TASK GOAL: Reproduce exactly the lines from the one containing "Manchester City v" through the end of the entries, including both. Drop the pictures.

Image-text web data:
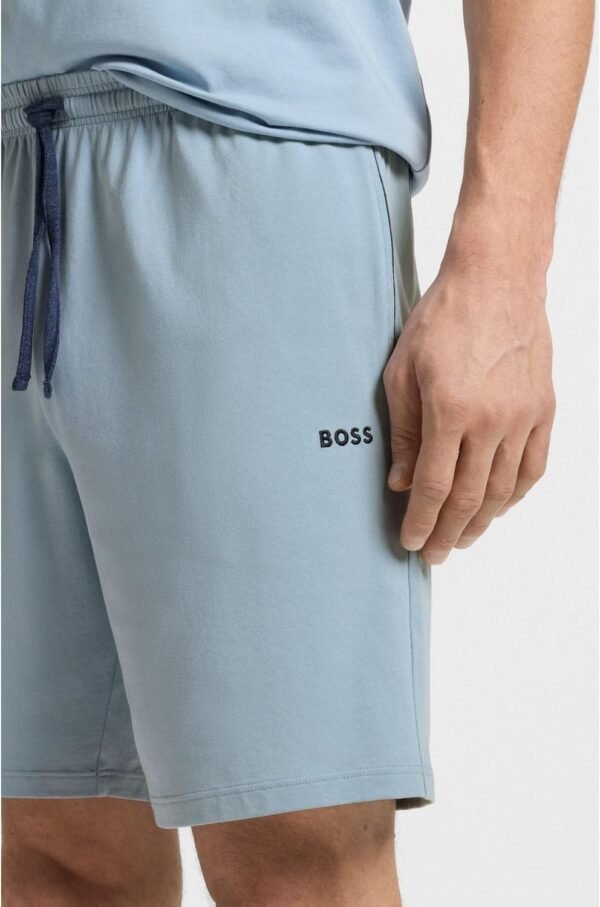 BOSS Hommes Mix&Match Short CW Short en Coton Stretch avec Logo brodé – Image 6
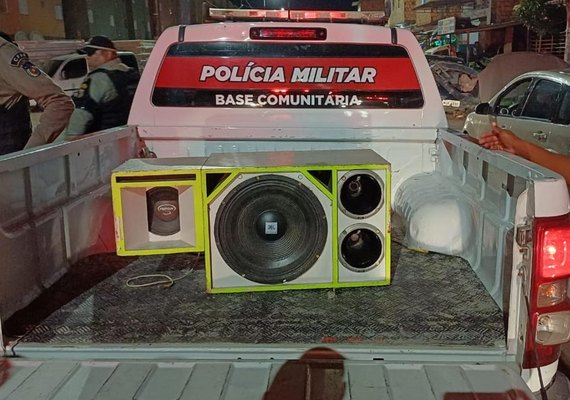 SSP apreende nove equipamentos sonoros por perturbação do sossego no fim de semana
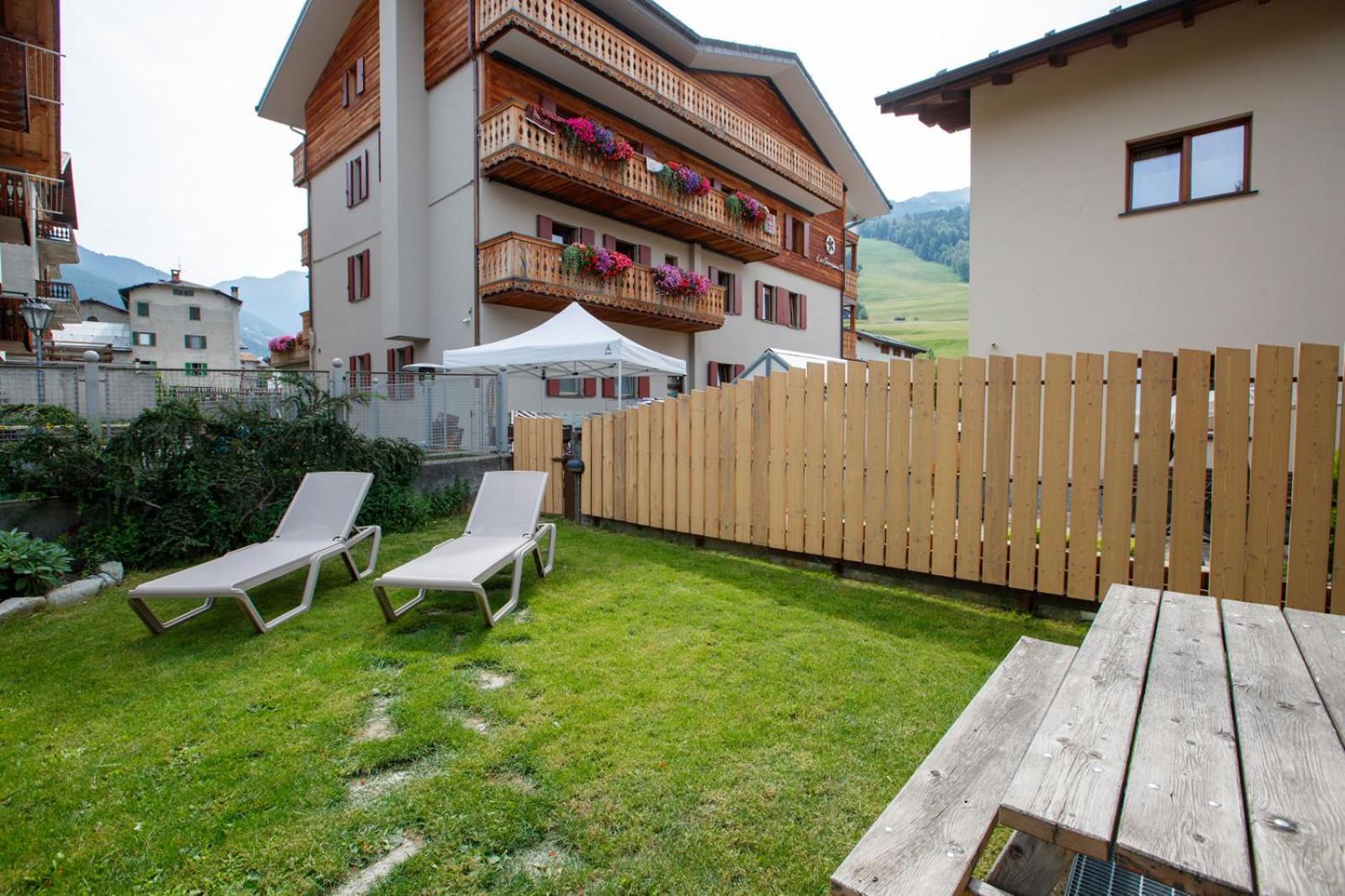 Chalet Silvi Residence Bormio Eksteriør bilde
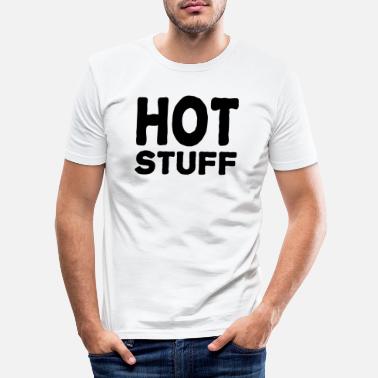 Stuff Hot Stuff - Cool Stuff - Stuff - Men&#39;s Slim Fit T-Shirt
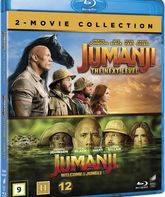 Джуманджи: Зов джунглей / Джуманджи: Новый уровень [Blu-ray] / Jumanji: Welcome to the Jungle / Jumanji: The Next Level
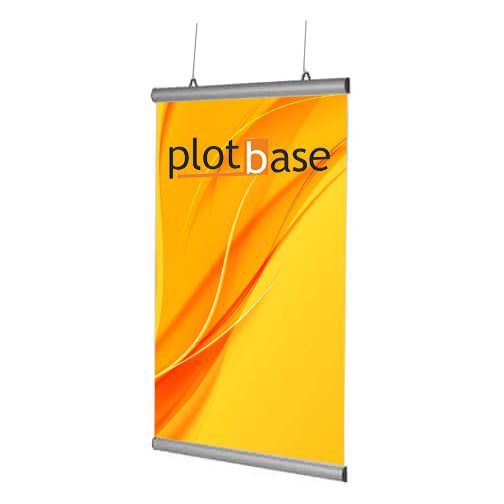 Lišta na zavěšení plakátu Plotbase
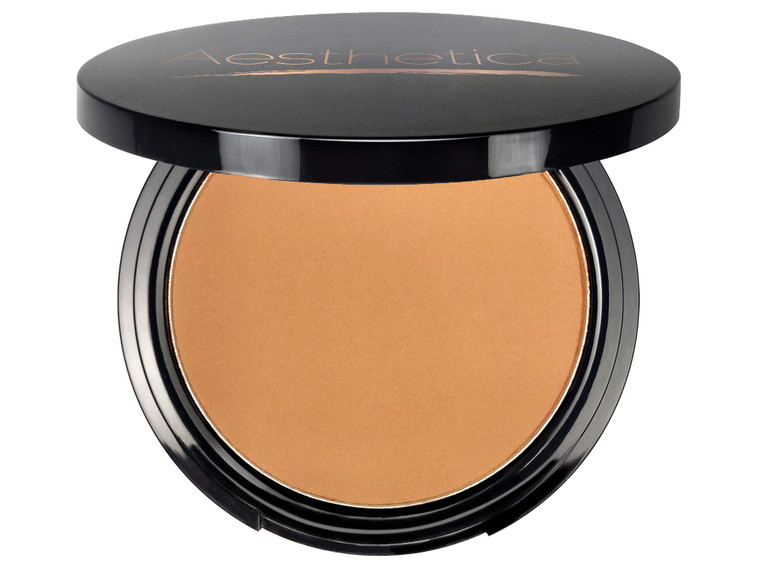Aesthetica Sunset- Matte Bronzing Powder Makeup Contouring Powder - Vegan & Cruelty Free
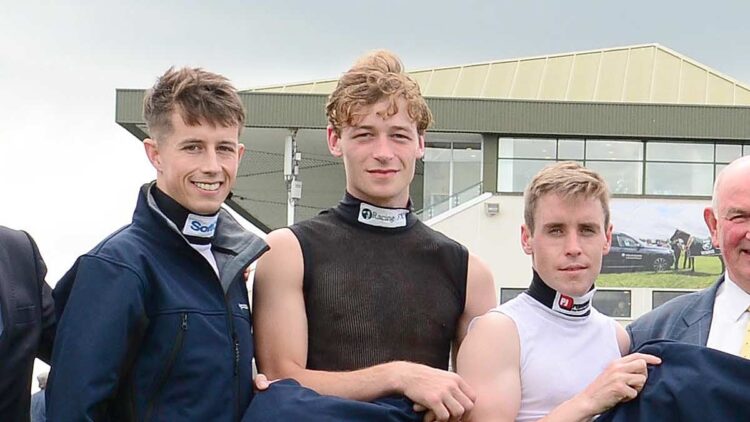 Bryan Cooper, David Mullins, Leigh Roche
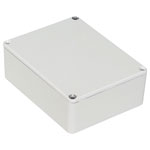 Hammond 1590BBSLG Die Cast Stomp Box Light Grey 120 x 94 x 42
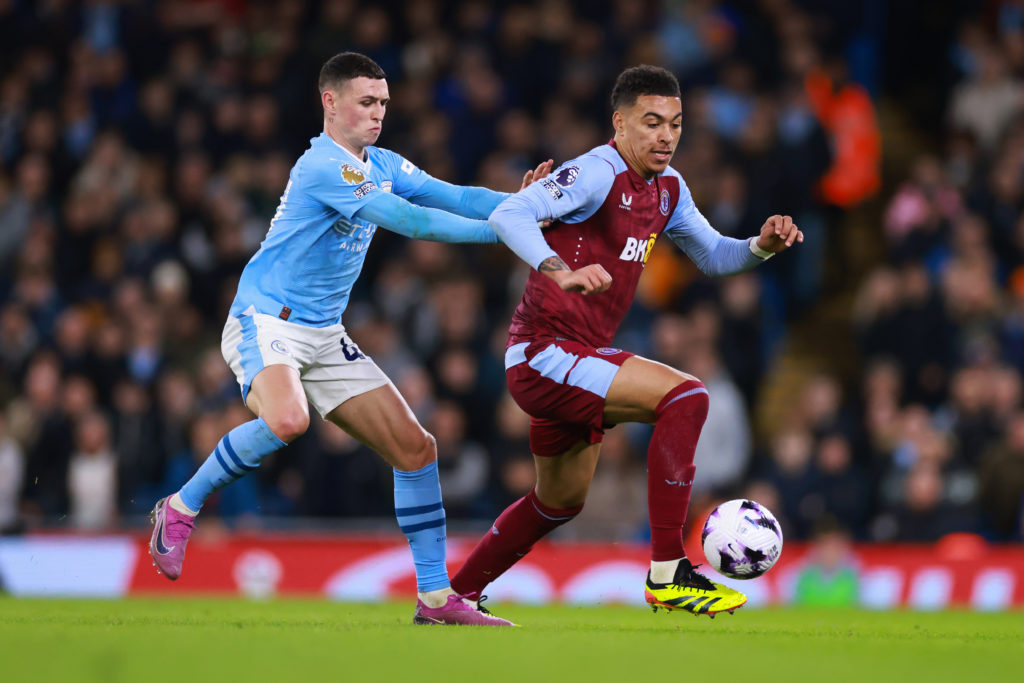 Manchester City v Aston Villa - Premier League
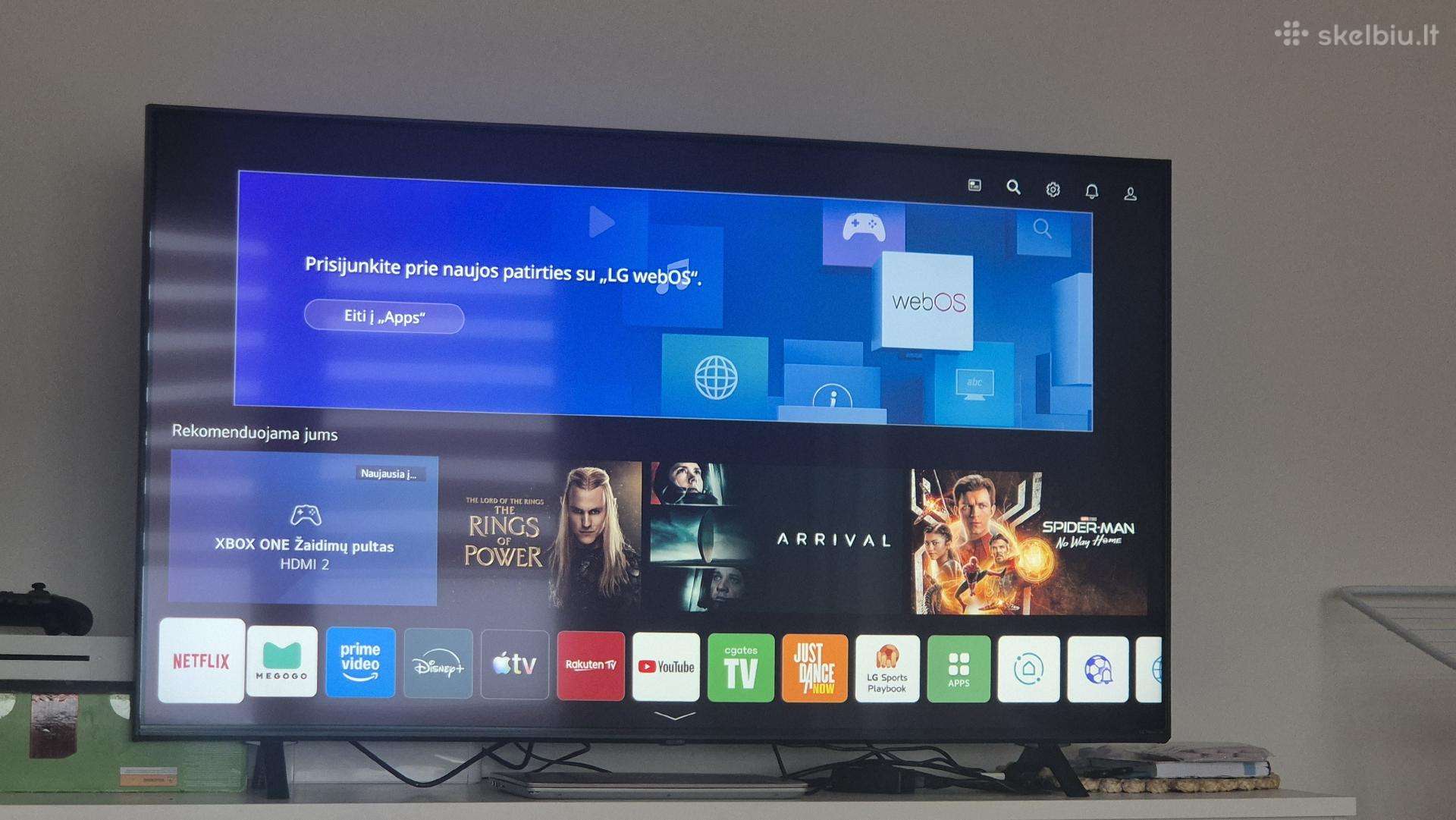 LG Smart TV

ANSWER TO THE EXERCISE:
 Manchester City v Aston Villa - Premier League
 LG Smart TV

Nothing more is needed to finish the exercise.